# Ann Arbor MI, RPGs and board game group



## brehobit (Jul 14, 2011)

We're a group of gamers, aged 16-40 who have been playing together in
one form or another for about 5 years.  We're losing two people due to
moves (Colorado and Ohio) and may be losing a third (the 16-year-old
can't yet drive and his brother is the one that moved to Ohio).

We historically play both RPGs and board games and meet once a week on a weekday
(the day is generally negotiable but we stick with the same day for months until
something changes) from 6pm to 10pm.   We're currently all male and mostly have been but
we have a few spouses that show up on occasion and had one regular female player
until she moved out of state.
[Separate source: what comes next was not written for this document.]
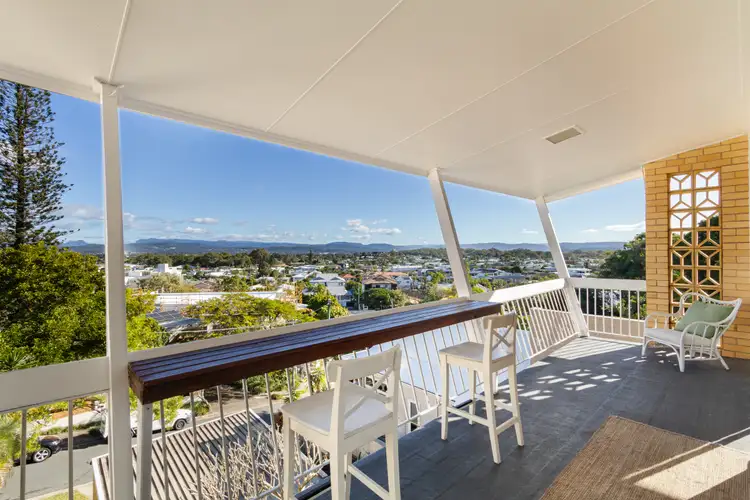 33 Brakes Crescent, Miami QLD 4220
We are largely working professionals.

RPGs have been largely D&D (mostly 4.0 in the last couple of years,
3.5 before that), but we've also Gamma World, Deadlands, and a few rules-light RPGs.
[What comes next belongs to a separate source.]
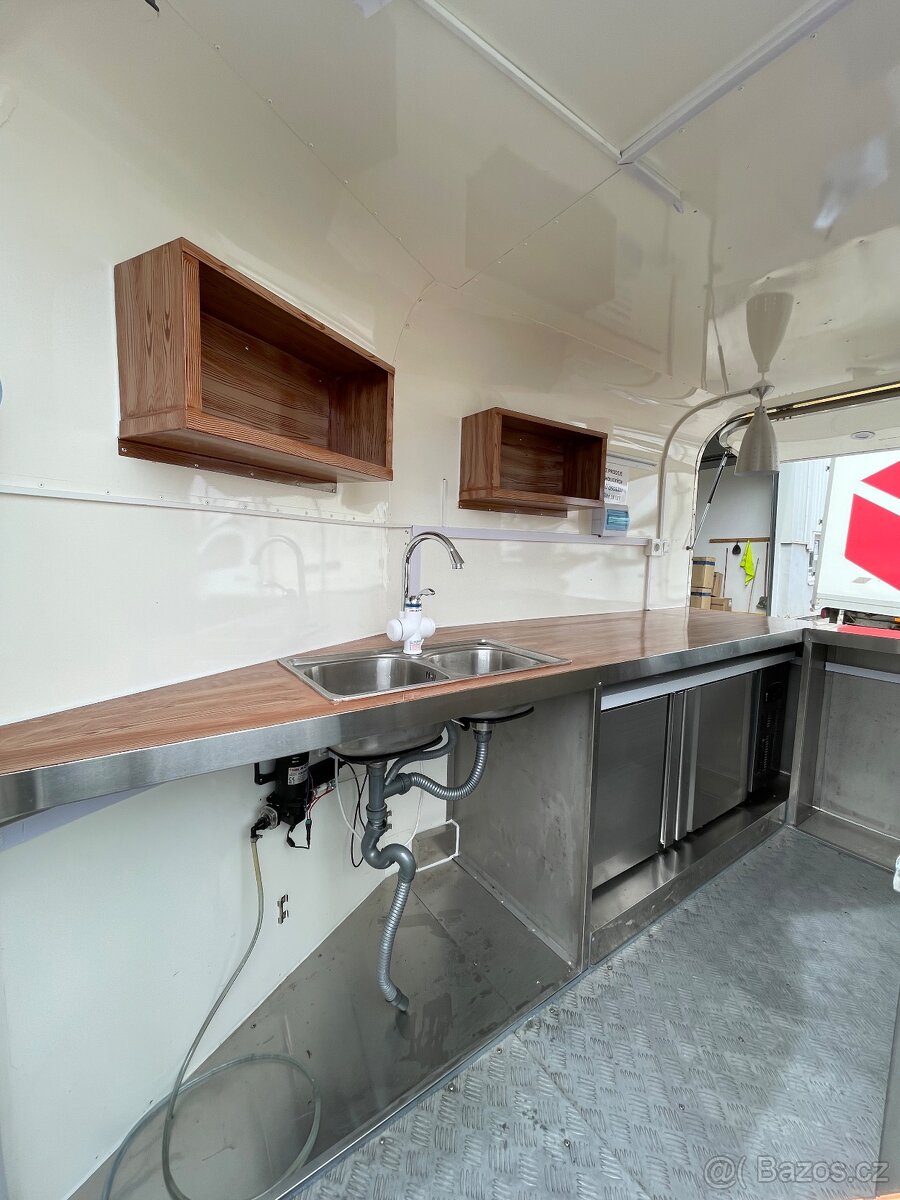 Gastro barový přívěs - 12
We play a wide range of board games (Between all of us we probably
have 100 games) with games like Galaxy Trucker, Dominion, and other, mostly
Euro, games being the most common.

Games have been almost entirely at my house, but that's negotiable.  The house
smoke free, but there are kids and cats.


----------



## elfstone (Jul 22, 2011)

*AD&D 2e*

I'm intrested  however i was windering if you guys ever play 2e AD&D.  also in a few months i will be looking for a table tob group to play test a 1 session game for conventions.  i've tested it a few time online and it worked out


----------



## brehobit (Jul 22, 2011)

We're actually full-up again (maybe too full up, I wanted 1 or 2 and we have at least 1 and maybe 3...)

We've not played 2e ever (well not as a group, many of us have played 2e), but I'm sure people would be up for it!  Let me know when you want to run and we might be able to make it fit!


----------